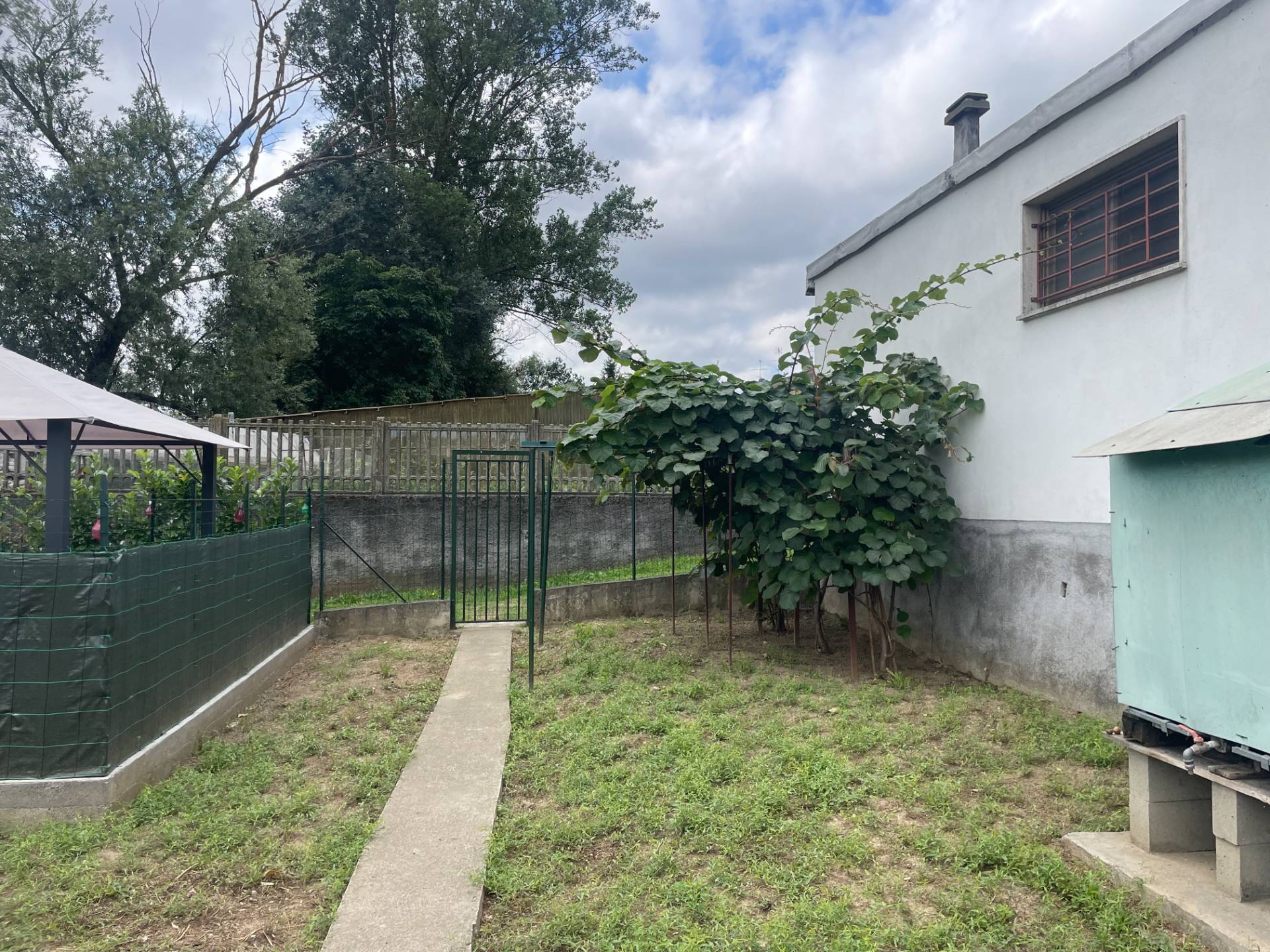 Box o garage in vendita a Cairo Montenotte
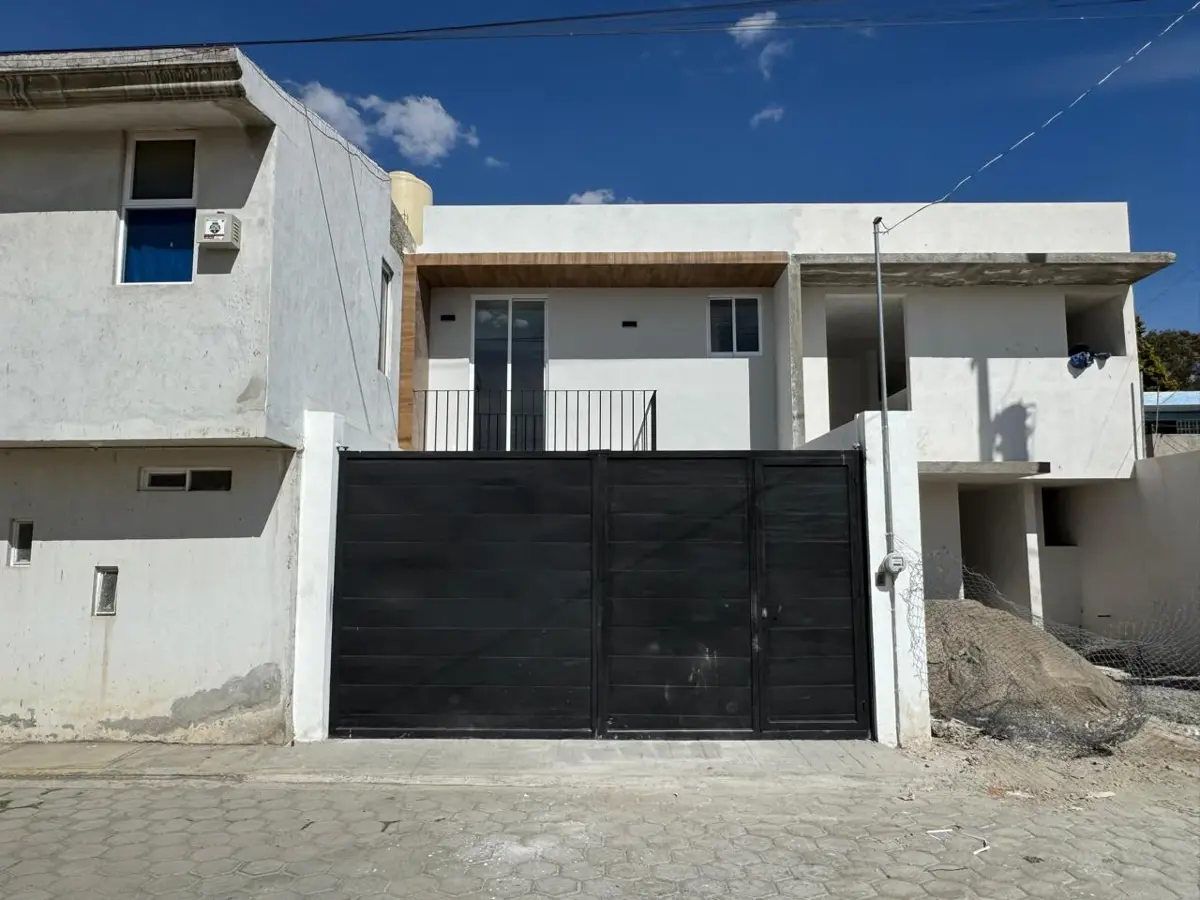 Casa en venta en San Juan Cuautlancingo, Cuautlancingo — foto 1 de 33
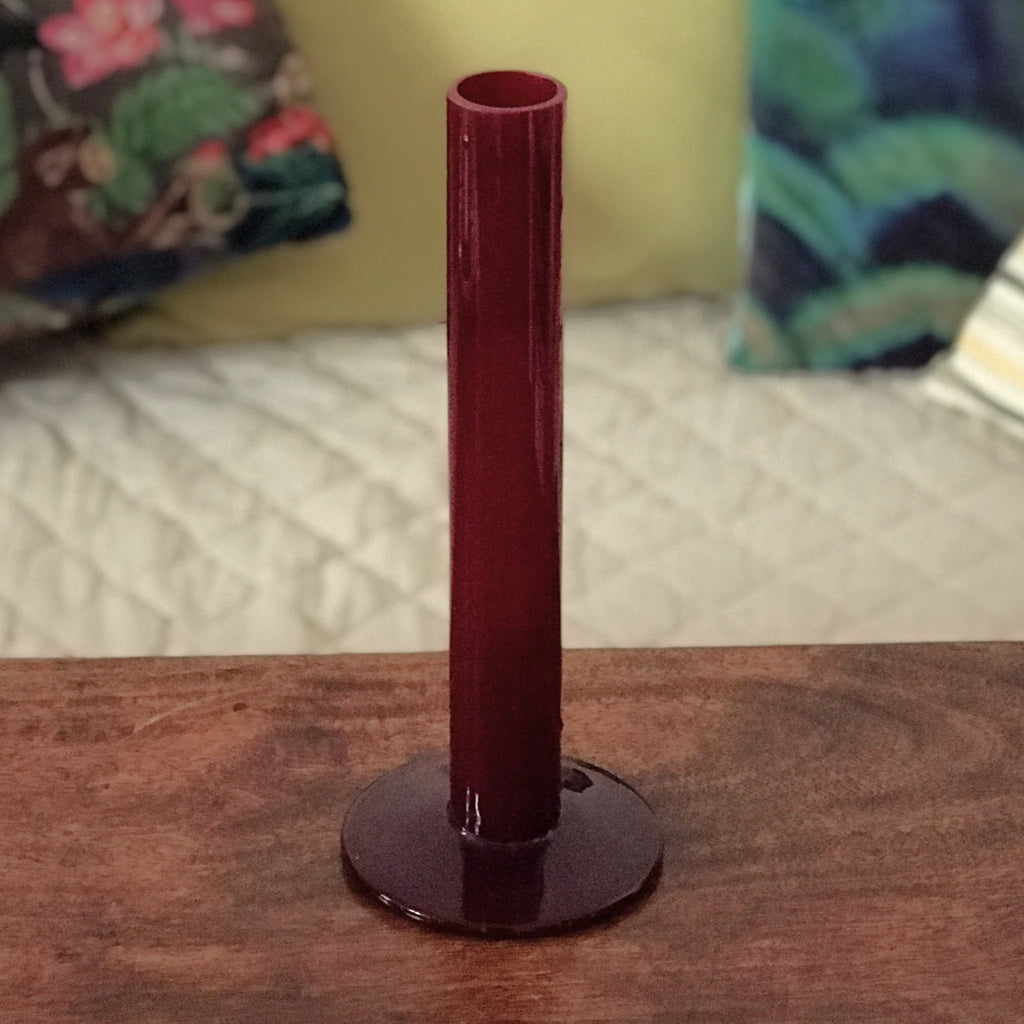 Soliflore droit en verre moulé rouge bordeaux de marque Celerie par Hello Broc brocante en ligne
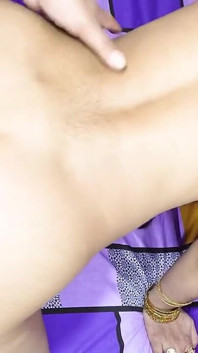 Zoufalý první sex před svatbou. indické sex video s tvou Priyou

◆ REQUIRED WORK ◆
Each line of the data above needs to be retyped as it is, without any picture.

◆ YOUR SOLUTION ◆
 Box o garage in vendita a Cairo Montenotte
 Casa en venta en San Juan Cuautlancingo, Cuautlancingo — foto 1 de 33
 Soliflore droit en verre moulé rouge bordeaux de marque Celerie par Hello Broc brocante en ligne
 Zoufalý první sex před svatbou. indické sex video s tvou Priyou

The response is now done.